» **Instructions for the task**
Only one stretch of the records below is wanted: the lines from the one holding "ALFA ROMEO 147" through the one holding "Stamperia Glamour Paste Gold". Return it exactly, both ends included.

» **Data to examine**
Start of Block

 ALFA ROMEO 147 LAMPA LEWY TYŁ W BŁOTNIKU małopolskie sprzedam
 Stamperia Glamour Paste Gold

End of Block
Start of Block

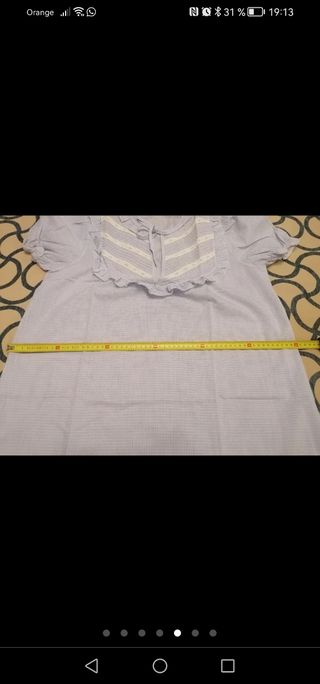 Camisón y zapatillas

End of Block
Start of Block

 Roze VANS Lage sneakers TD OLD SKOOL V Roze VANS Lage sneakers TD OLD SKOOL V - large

End of Block

» **Your response**
 ALFA ROMEO 147 LAMPA LEWY TYŁ W BŁOTNIKU małopolskie sprzedam
 Stamperia Glamour Paste Gold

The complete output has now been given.